▸ **Task objective**: With images excluded, write out each entry below exactly as given.

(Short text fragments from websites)
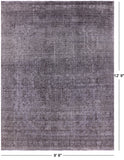 Grey Persian Overdyed Hand Knotted Wool Rug - 9' 8" X 12' 9" - Golden Nile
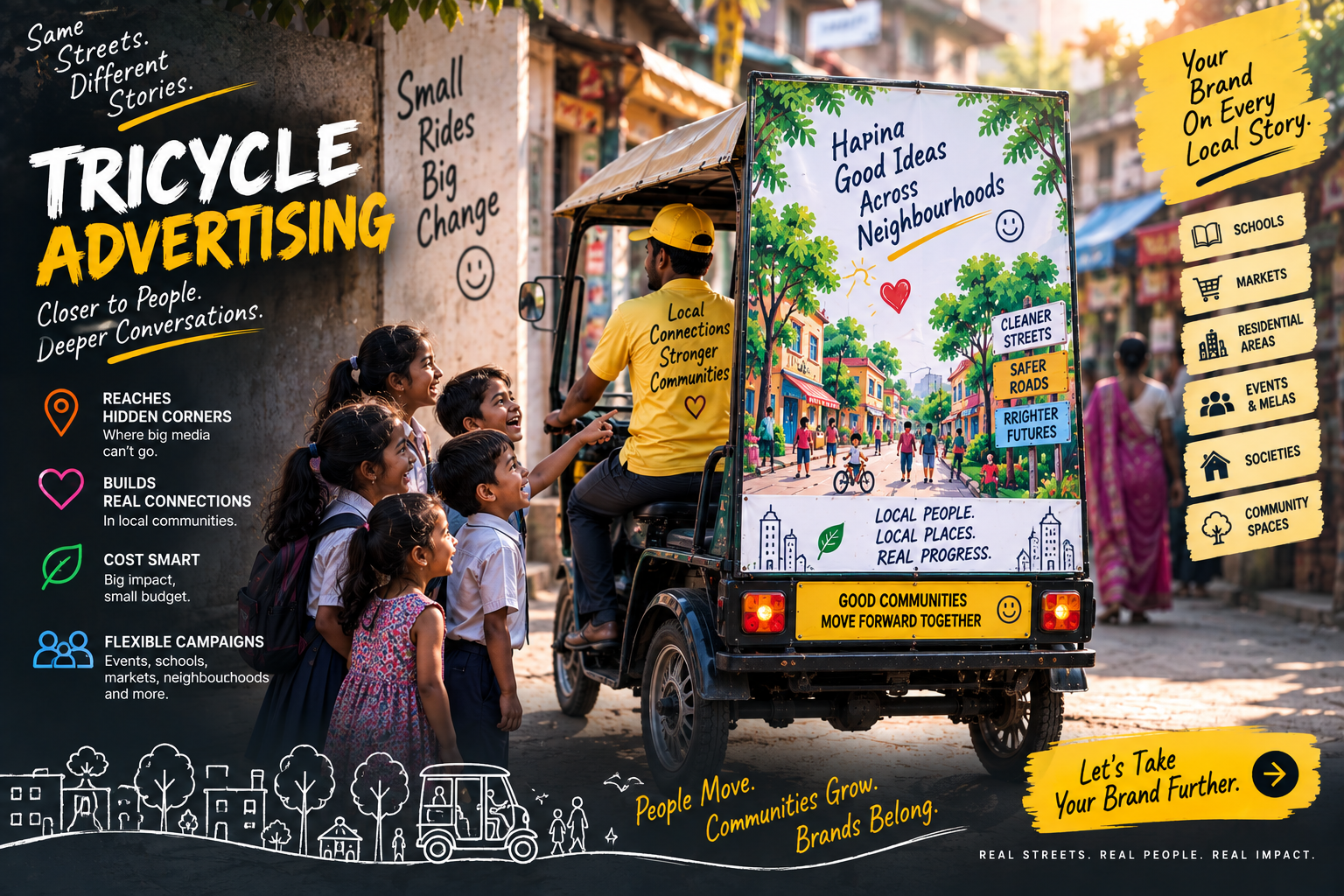 Tricycle Advertising service by Bynzo Innovative Pvt. Ltd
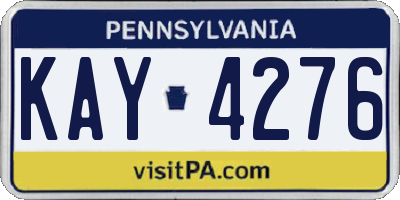 PA license plate KAY4276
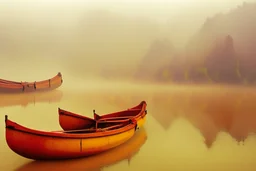 Red Boats on yellow river china in misty morning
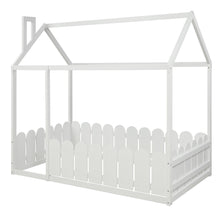 Load image into Gallery viewer, (Slats are not included) Twin Size Wood Bed House Bed Frame with Fence, for Kids, Teens, Girls, Boys (White )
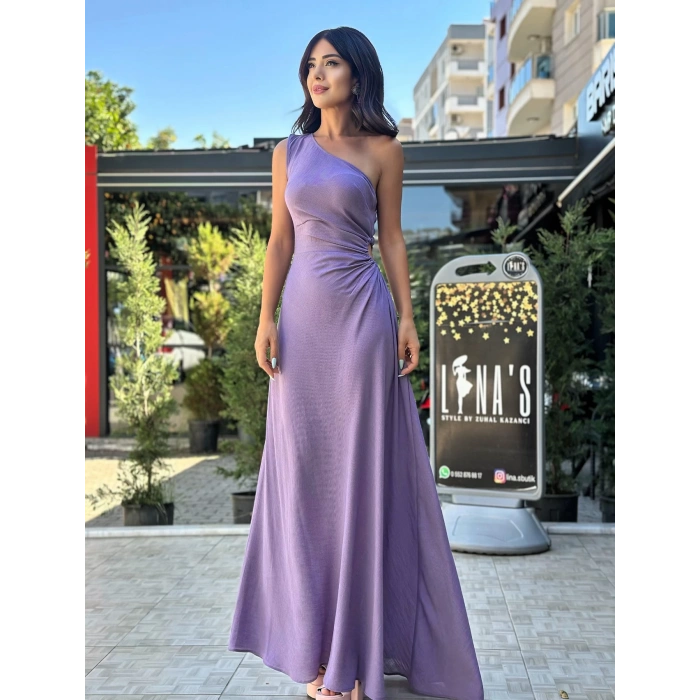 LİLA TEK OMUZ ELBİSE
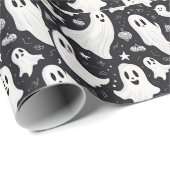 Spooky Niedlich Ghost Halloween Schwarz-weiß Geschenkpapier (Rolleneckpunkt)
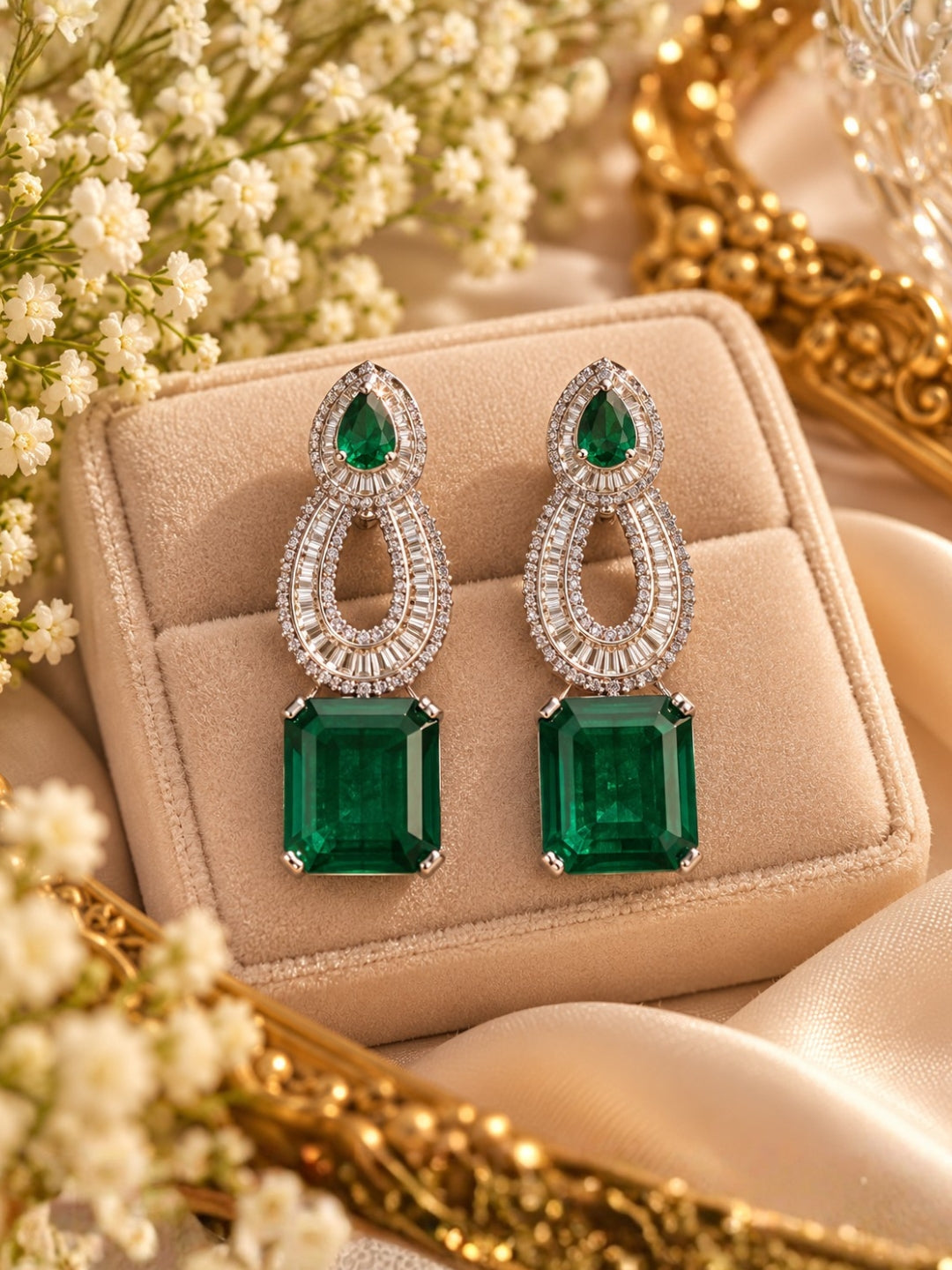 Ishhaara Emerald And Diamond Drop Earrings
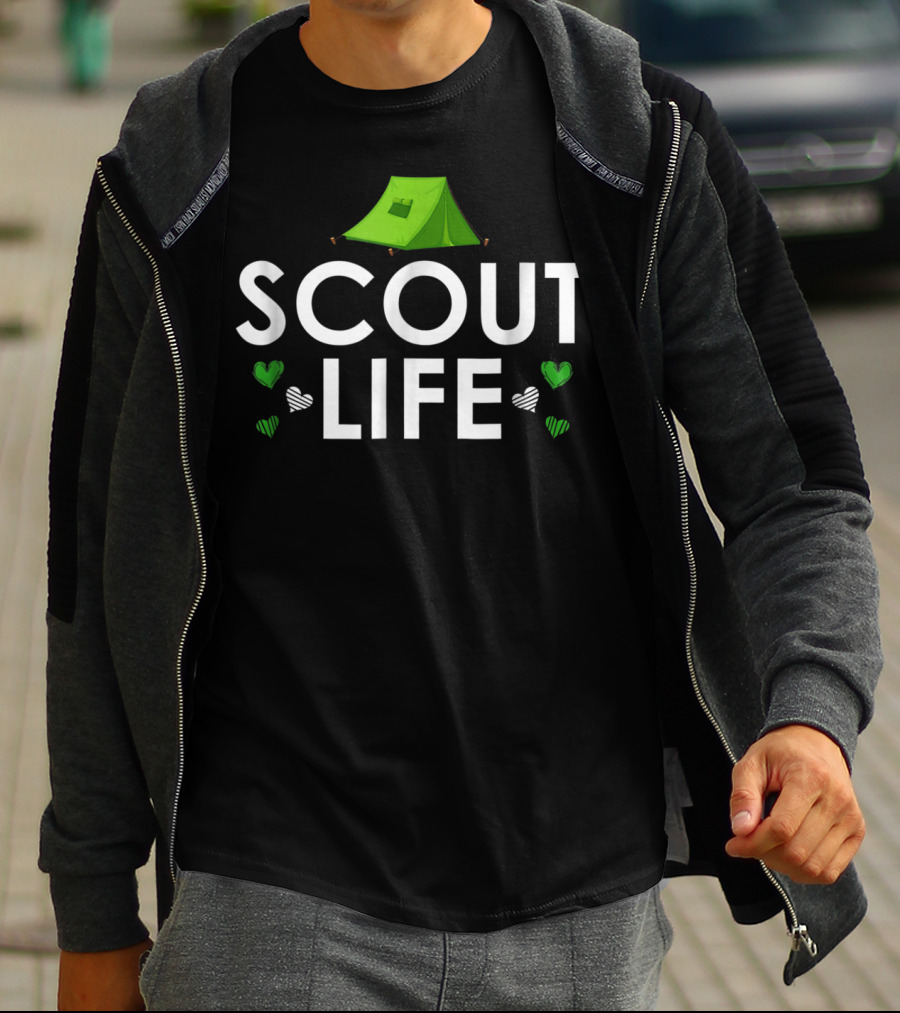 Scout Life Green Tent Camping Adventure Scouting T-Shirt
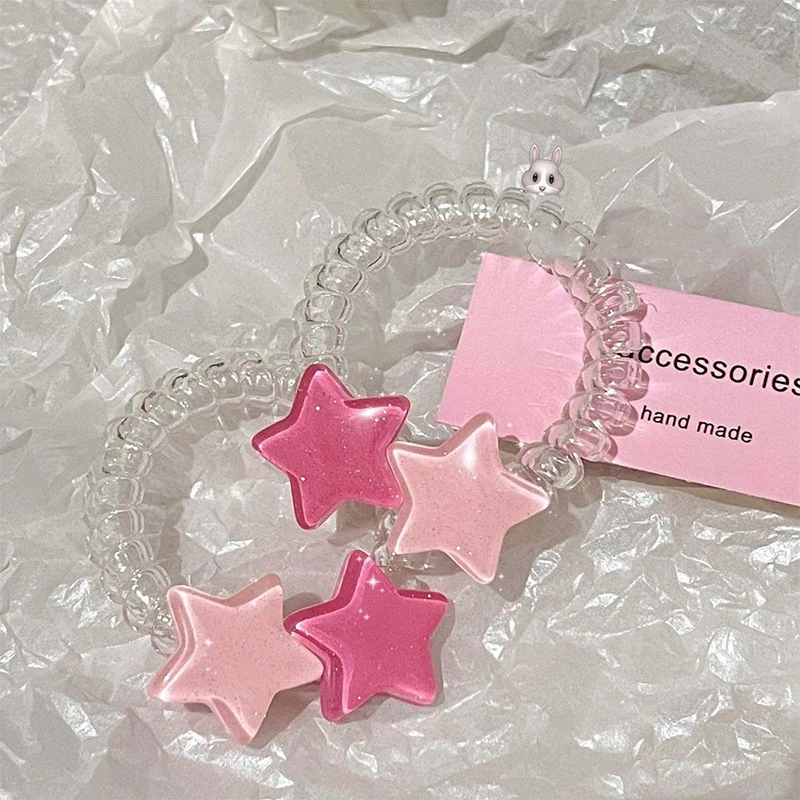 Cute Five Point Star Telephone Cable Hair Band Girl Hair Accessories Rubber Band Headwear Hair Rope Spiral Hair Band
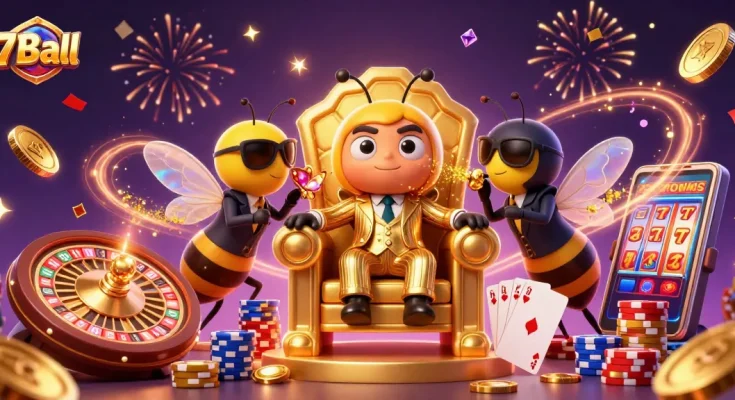 Experience the excitement of 7Ball's casino with a vivid 3D bumblebee mob boss scene.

▸ **Solution to this problem**:
 Grey Persian Overdyed Hand Knotted Wool Rug - 9' 8" X 12' 9" - Golden Nile
 Tricycle Advertising service by Bynzo Innovative Pvt. Ltd
 PA license plate KAY4276
 Red Boats on yellow river china in misty morning
 Load image into Gallery viewer, (Slats are not included) Twin Size Wood Bed House Bed Frame with Fence, for Kids, Teens, Girls, Boys (White )
 LİLA TEK OMUZ ELBİSE
 Spooky Niedlich Ghost Halloween Schwarz-weiß Geschenkpapier (Rolleneckpunkt)
 Ishhaara Emerald And Diamond Drop Earrings
 Scout Life Green Tent Camping Adventure Scouting T-Shirt
 Cute Five Point Star Telephone Cable Hair Band Girl Hair Accessories Rubber Band Headwear Hair Rope Spiral Hair Band
 Experience the excitement of 7Ball's casino with a vivid 3D bumblebee mob boss scene.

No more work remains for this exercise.